- **PROBLEM REQUIREMENTS**: Only the text carries over: repeat the records exactly and drop the images.

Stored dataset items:
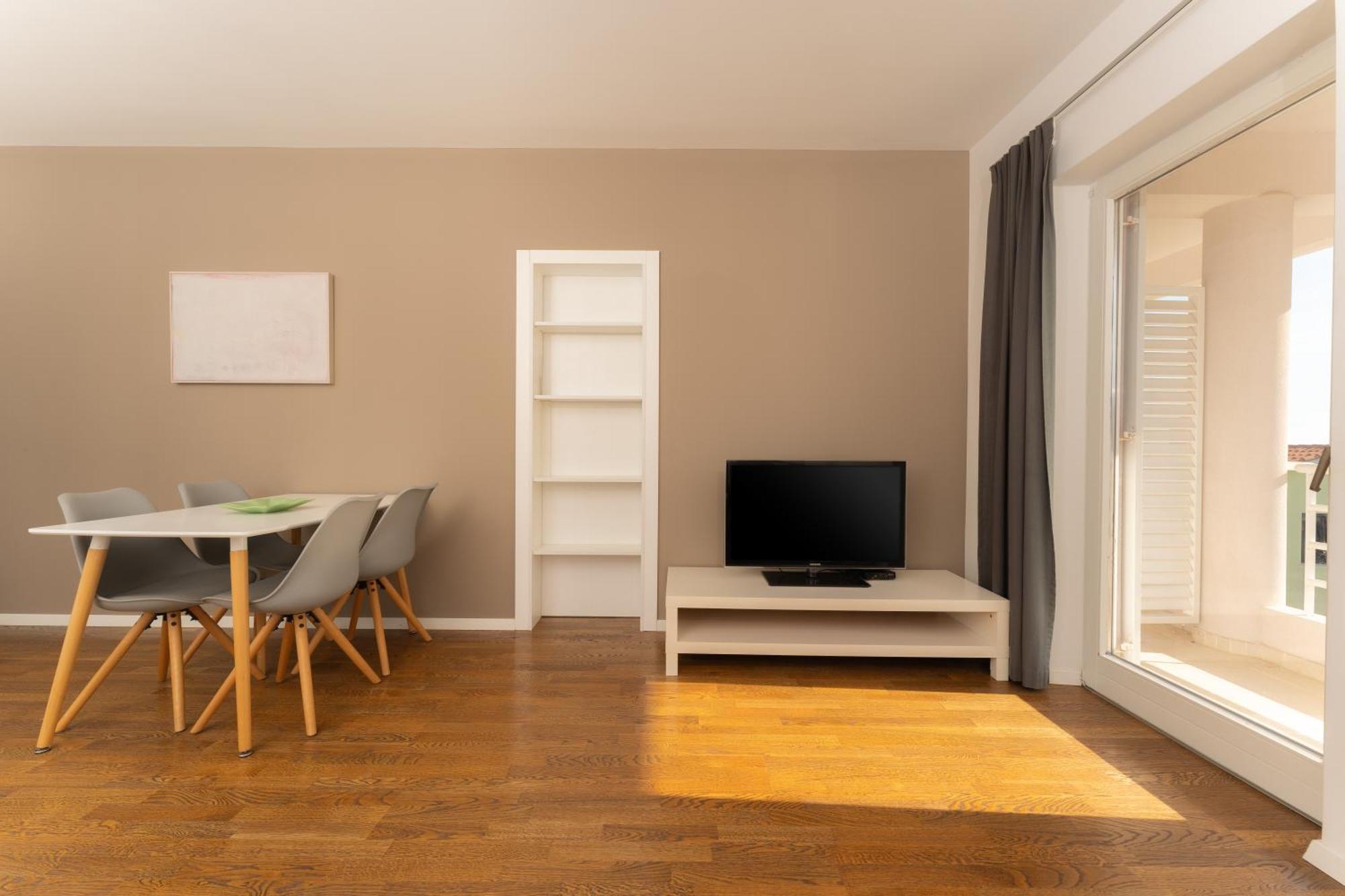 Appartement Casa M Rabac Extérieur photo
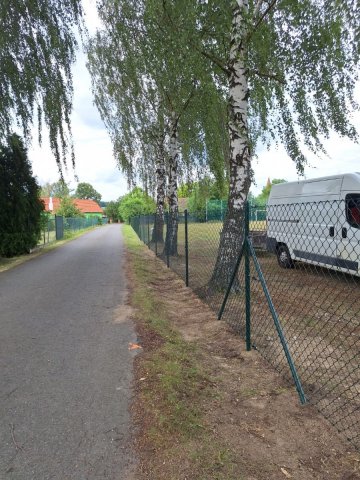 Projekty publicita 2026 : Dodávka a montáž oplocení fotbalového hřiště v obci Slabčice. Registrační číslo žádosti: 25/003/52775/236/006158 - opravené
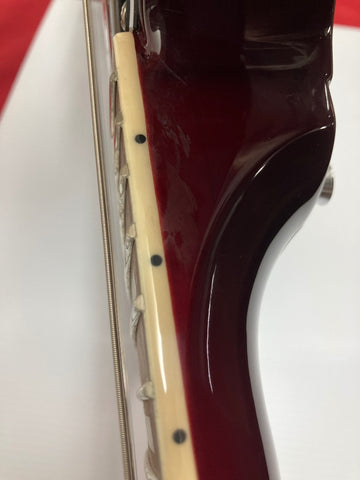 DV 300 Red - B-Stock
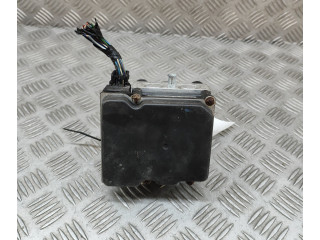 Блок АБС 4670A224, 4670A224B06 Mitsubishi Colt 2004 - 2008 года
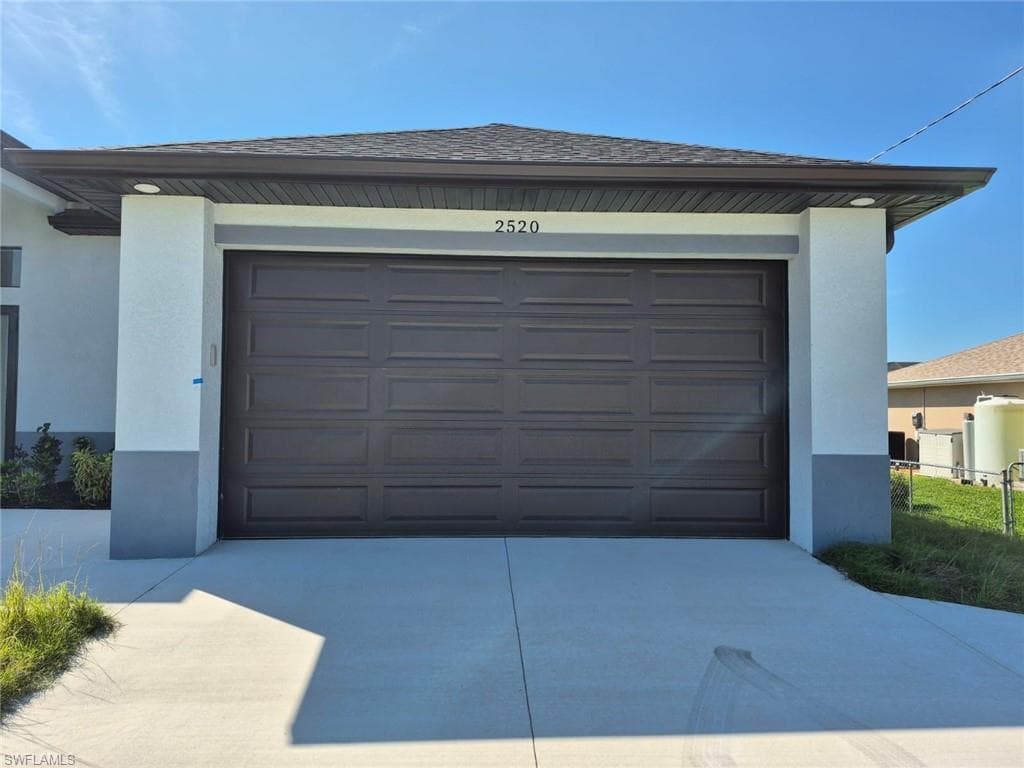 2520 Tropicana PKWY W CAPE CORAL, FL 33993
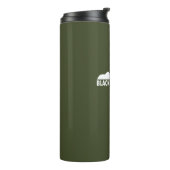 Black Hills Thermosbeker (Gedraaid links)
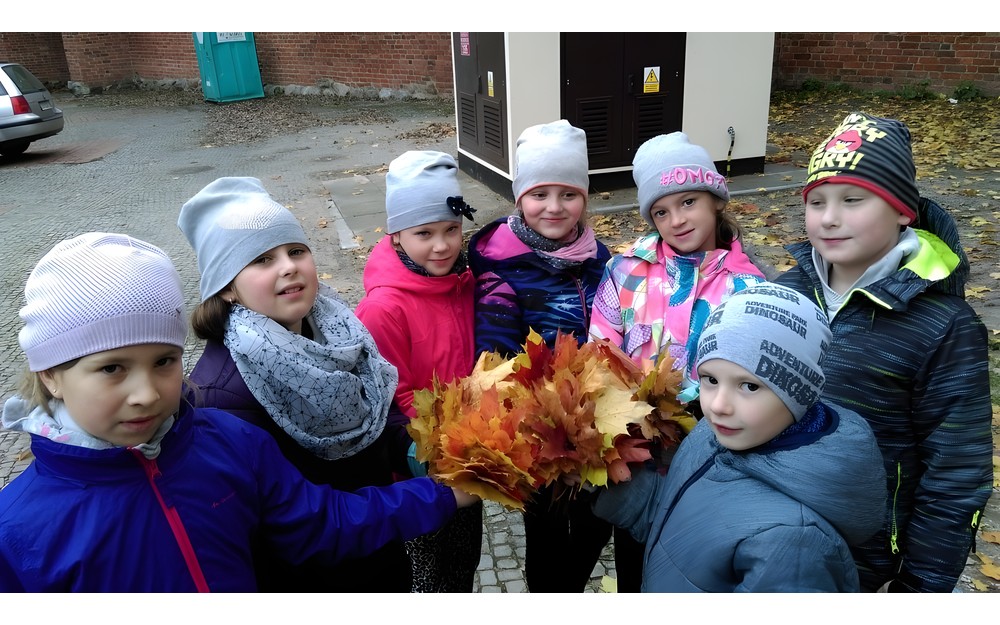 Jesienne spotkanie piątkowe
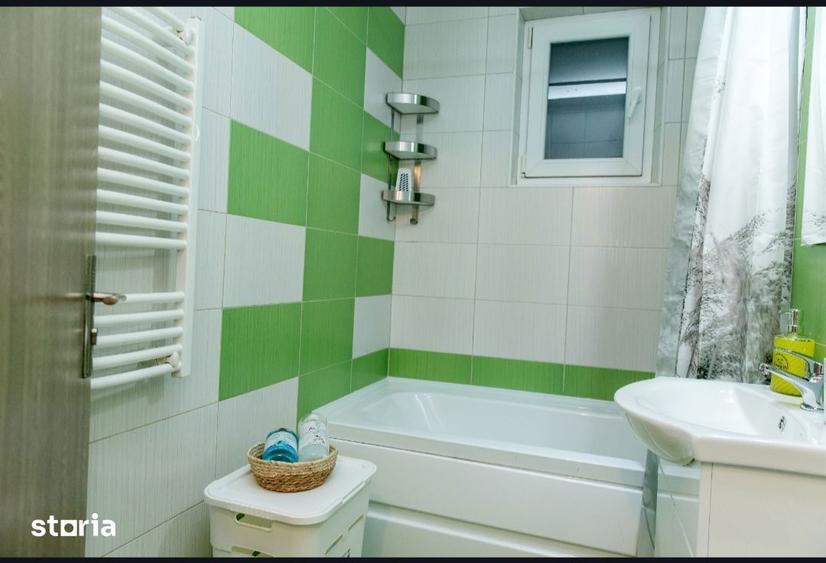 Apartament luminos Lujerului-Politehnica metrou - 7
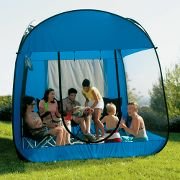 8 x 8 Pop up tent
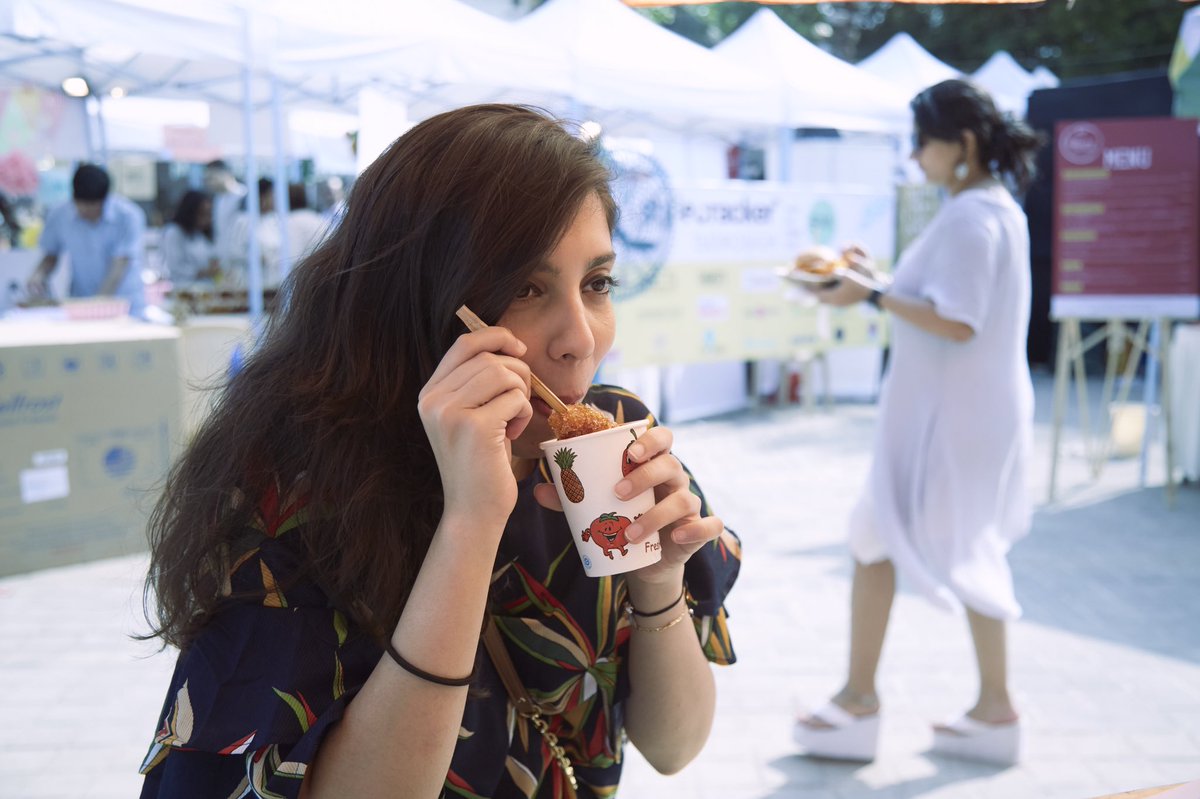 StyleCracker Project tweet media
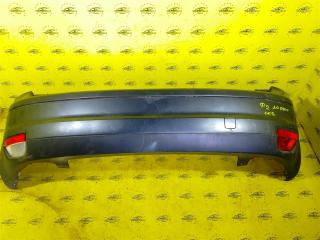 Бампер задний Ford Focus 2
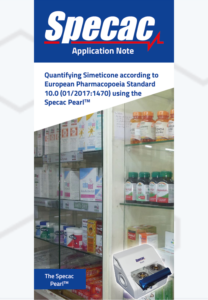 Simethicone European Pharmacopoeia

- **TASK RESULT**:
 Appartement Casa M Rabac Extérieur photo
 Projekty publicita 2026 : Dodávka a montáž oplocení fotbalového hřiště v obci Slabčice. Registrační číslo žádosti: 25/003/52775/236/006158 - opravené
 DV 300 Red - B-Stock
 Блок АБС 4670A224, 4670A224B06 Mitsubishi Colt 2004 - 2008 года
 2520 Tropicana PKWY W CAPE CORAL, FL 33993
 Black Hills Thermosbeker (Gedraaid links)
 Jesienne spotkanie piątkowe
 Apartament luminos Lujerului-Politehnica metrou - 7
 8 x 8 Pop up tent
 StyleCracker Project tweet media
 Бампер задний Ford Focus 2
 Simethicone European Pharmacopoeia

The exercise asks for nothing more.